### [Data supplied]
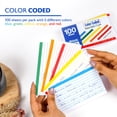 thumbnail image 5 of BAZIC Ruled Color Coded Index Card 3" X 5", Ruled Lined Card, 400 Count, 5 of 8
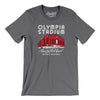 Detroit Olympia Stadium Men/Unisex T-Shirt-Deep Heather-Allegiant Goods Co. Vintage Sports Apparel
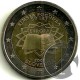 Eslovenia. 2007. 2 Euro (SC) Tratado de Roma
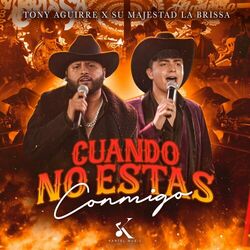 Cover of Cuando No Estas Conmigo
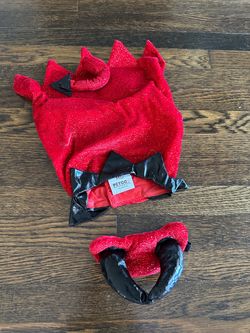 Dog Halloween Costume - Devil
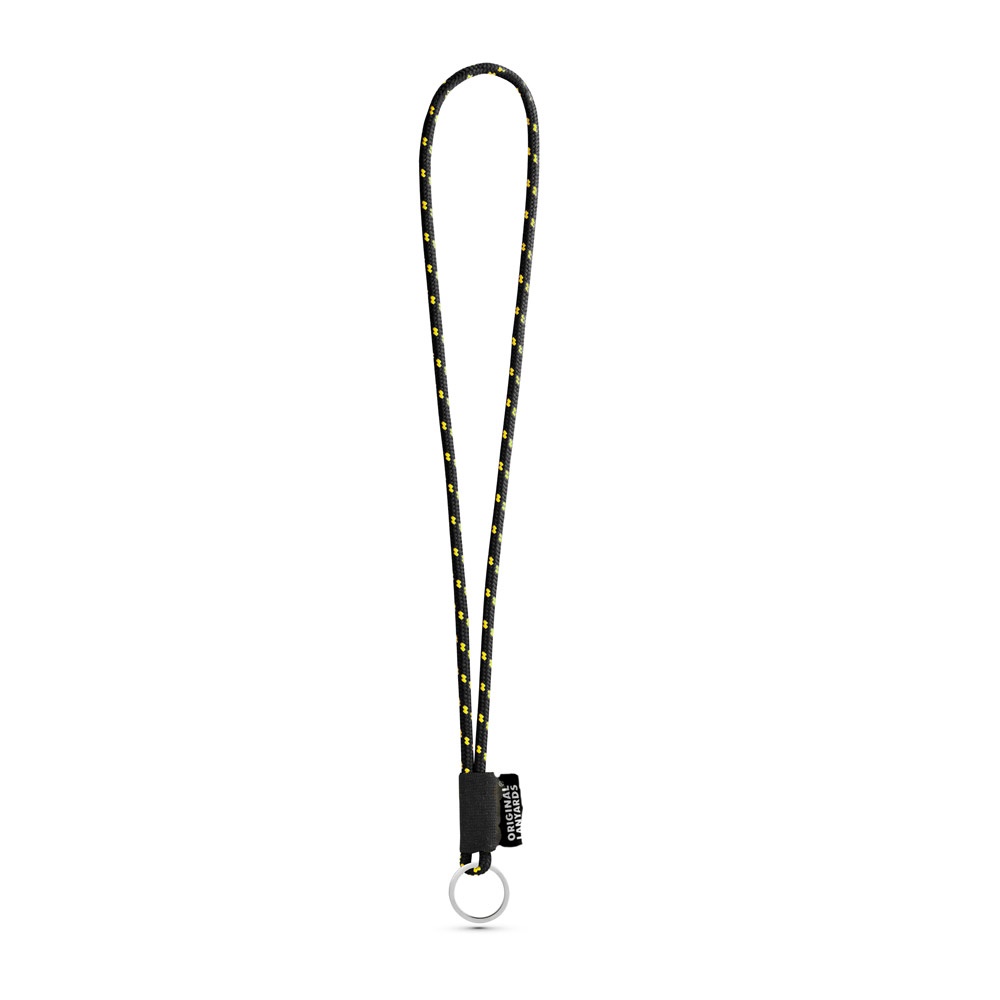 Juego de cordón NAUTIC largo (Ø 5 mm) con anilla Ø 32 mm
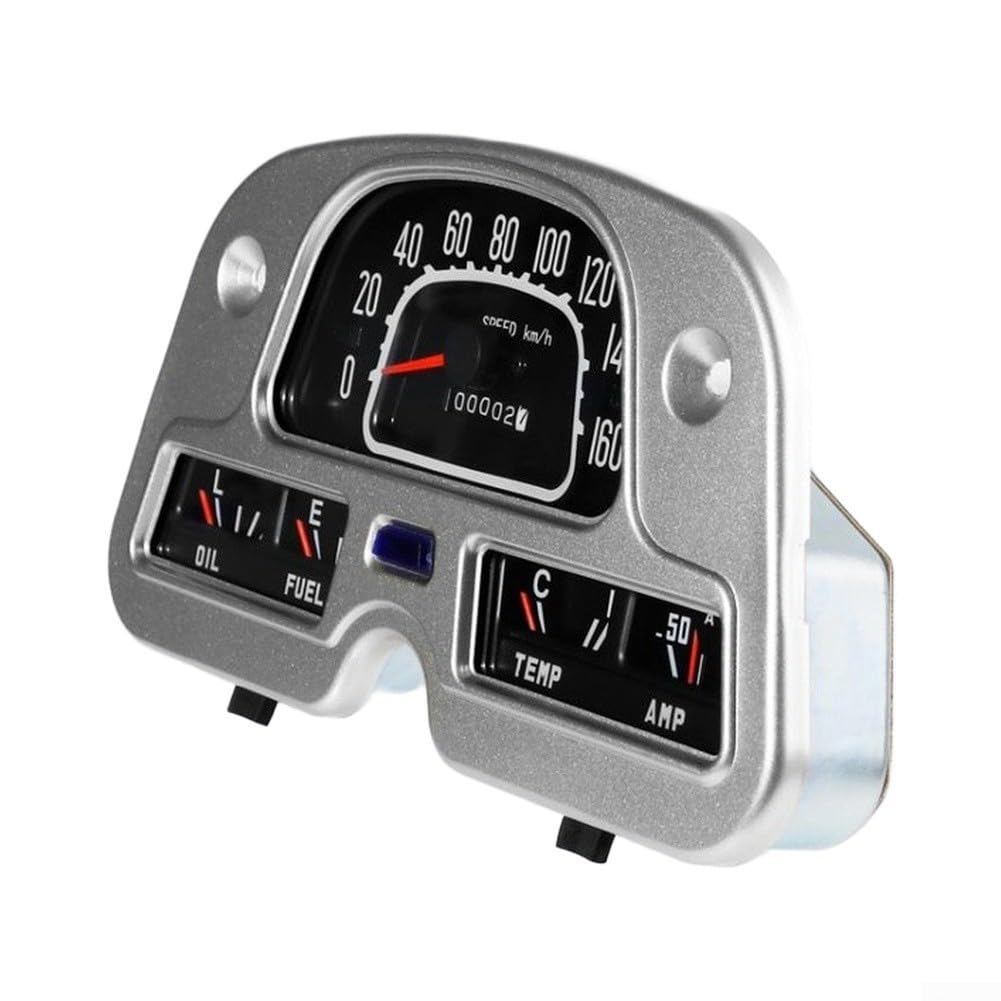 Instrumentos Land Cruiser 40 0-160km/h Repuesto Instrumentos(Silver)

### [Work item]
Leave the pictures out. Output exactly, and only, the lines from the one with "Dog Halloween Costume - Devil" through the last line of the listing above, both included.

### [Written solution]
 Dog Halloween Costume - Devil
 Juego de cordón NAUTIC largo (Ø 5 mm) con anilla Ø 32 mm
 Instrumentos Land Cruiser 40 0-160km/h Repuesto Instrumentos(Silver)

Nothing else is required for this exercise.